Sexualising children and screaming blue murder at their blue film
I won’t rest easy on this Chrisland school scandal. I haven’t slept well for days. What does this portend for us as a society, parents, school owners, educators and adults? I can’t seem to move past it.
Our timelines have been flooded with more lewd unimaginable videos and pictures of children in open sex games moves or dancing cheered on by adults.
Preschoolers ages three and four grind themselves together at the hips to cheer adults.
It’s not news that child pornography has crept into our space a long time ago. Most of us didn’t know and most wished it away. Child pornography is a billion-dollar clandestine business in the world and in so many countries. The highest country is the Netherlands at 52 per cent followed by the United States of America at 44 per cent. France, Slovakia and Canada all get a single-digit percentage each.
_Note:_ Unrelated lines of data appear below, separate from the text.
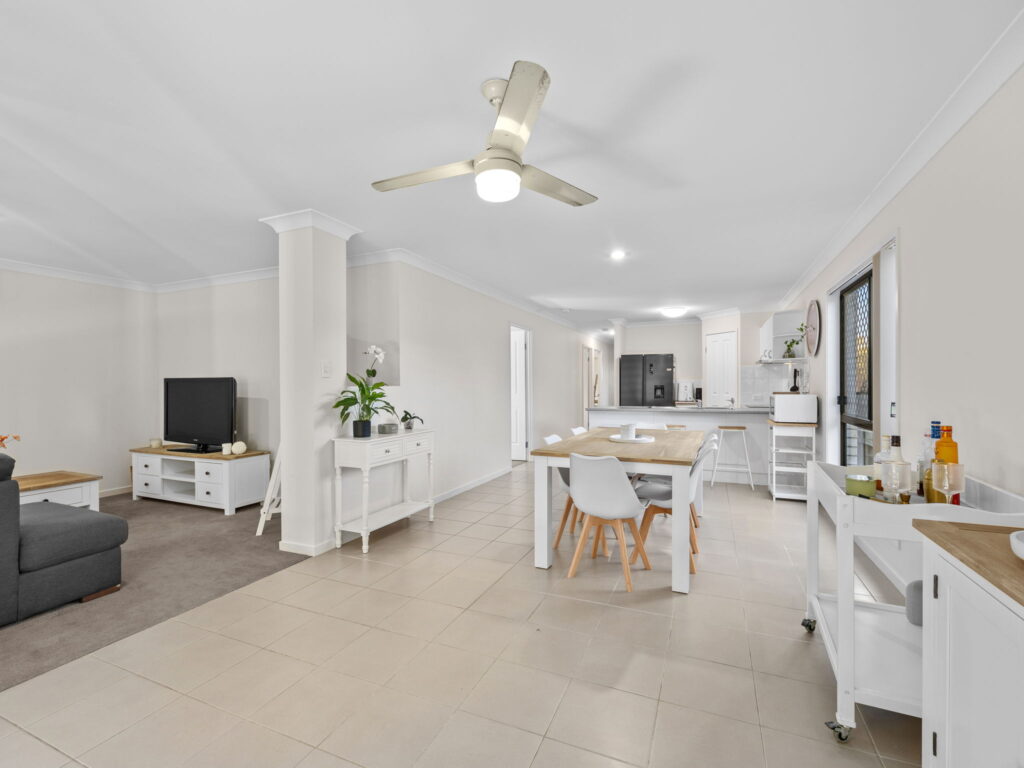 5 Hibiscus Way, Springfield Lakes, QLD 4300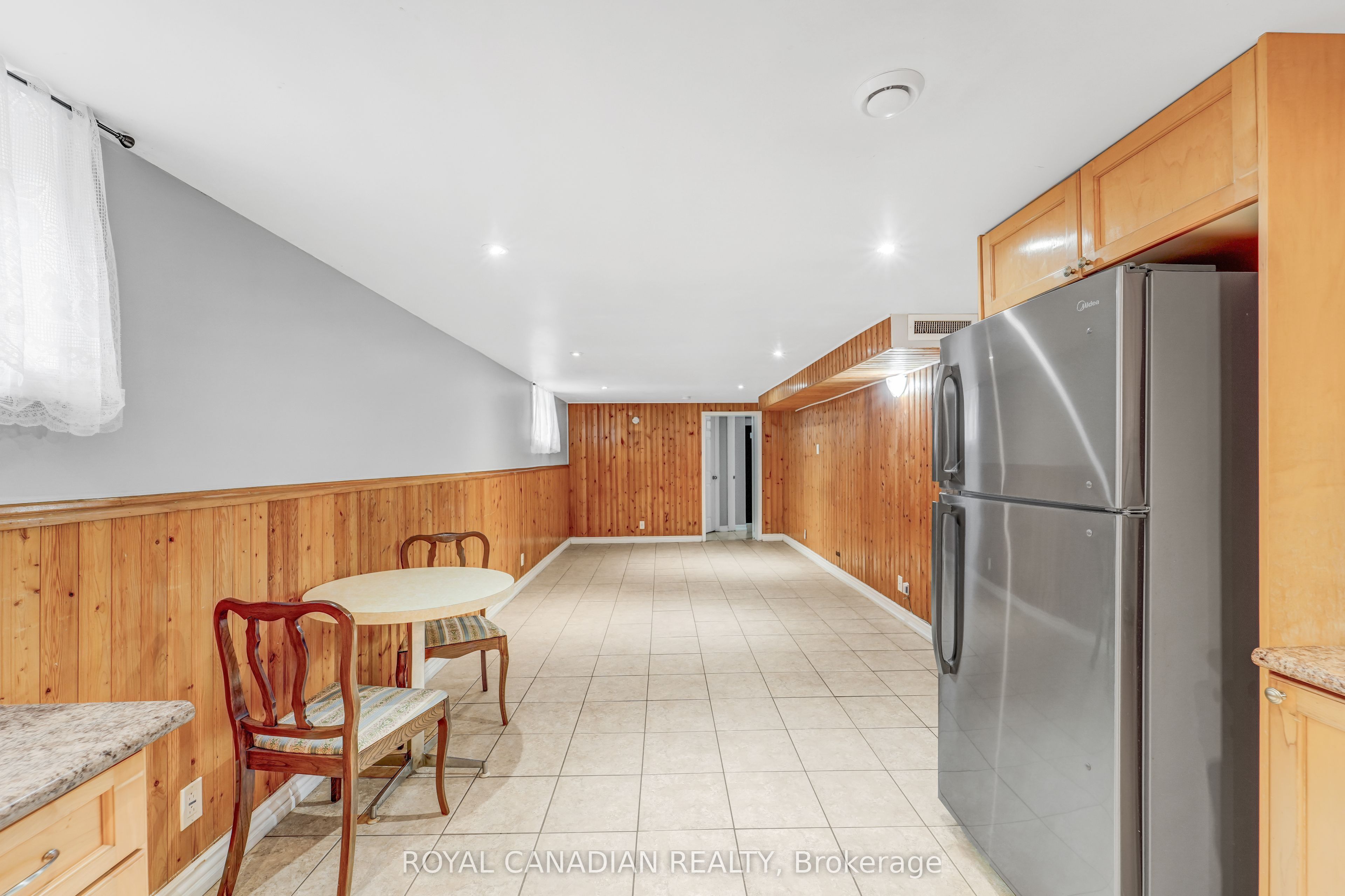 115 Darlingside Drive BSMT, Toronto, ON M1E 3P4 photo 3
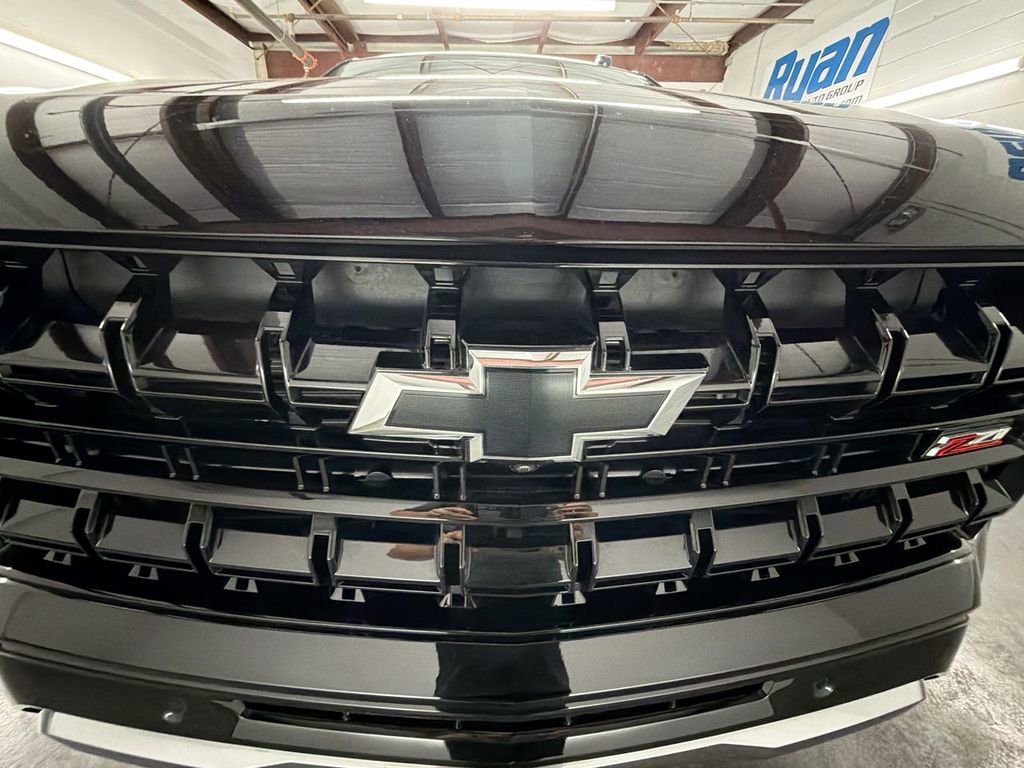 Used 2025 Chevrolet Tahoe Z71 w/ Comfort Package image 31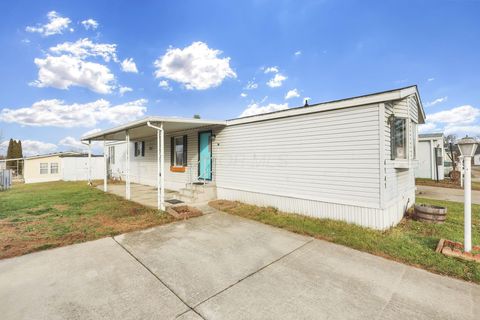 Photo of 4141 Kershaw Drive, Columbus, OH 43207 (MLS # 226001198)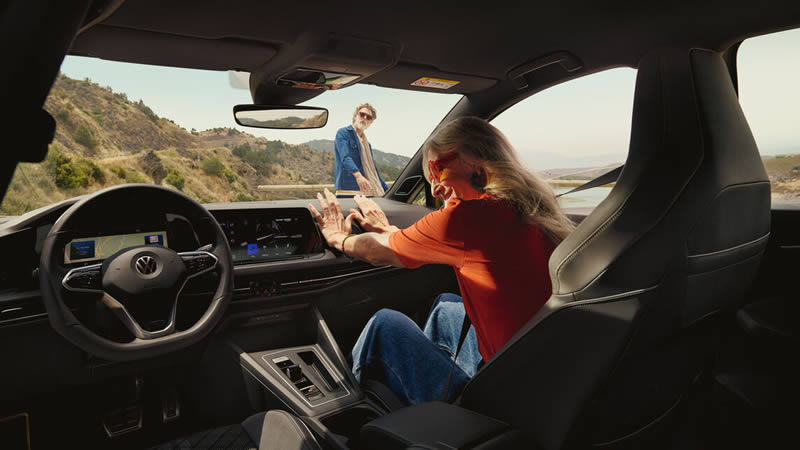 Volkswagen Golf 8 digitální přístrojová deska v interiéru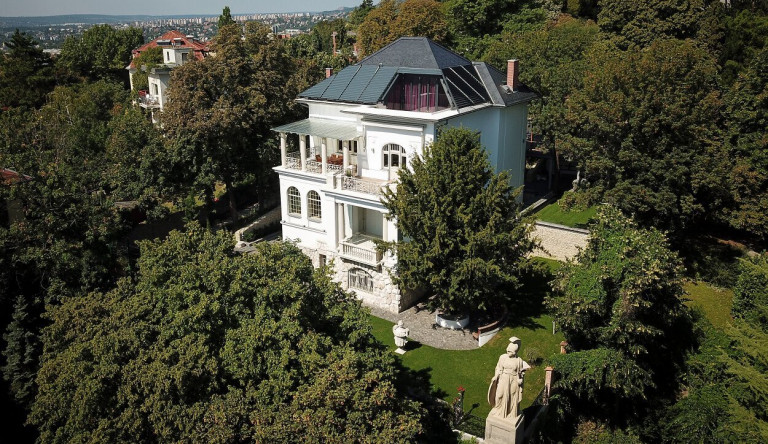 Budapest egyik legszebb luxusvillájába költözött Rogán Antal titokzatos bizalmasa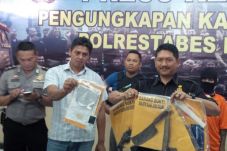 Geledah Kontrakan Kurir...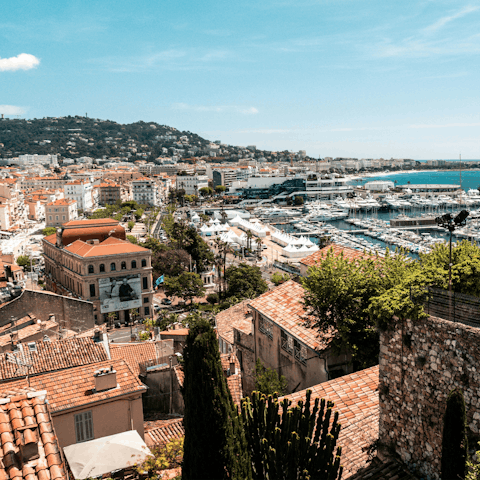 Stroll into central Cannes, twenty minutes away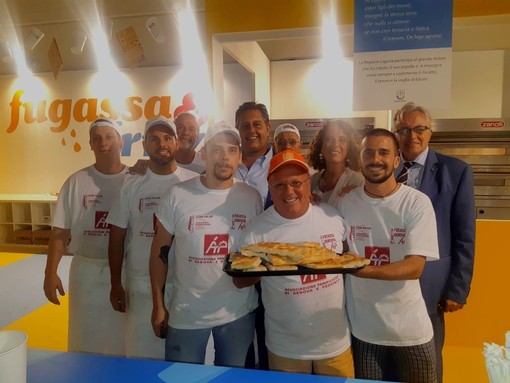 Toti a Rimini: “Chi ci vuole aiutare venga in Liguria a mangiare la focaccia&quot;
It is reported that a third of the world’s child sexualised images are flagged off by India followed by Indonesia and Malaysia. According to reports, India reported a maximum number of online child sexual abuse imagery (CSAI) cases, followed by Thailand, which shows the data by the US-based National Centre for Missing and Exploited Children (NCMEC). NCMEC is the largest clearinghouse for the CSAI content shared on online platforms.
According to the report, India accounts for 3.88 million such cases filed between 1998 and 2017. This is despite the fact that India is estimated to have merely 11.9 per 1,000 internet users — which is way less than Iraq and Thailand.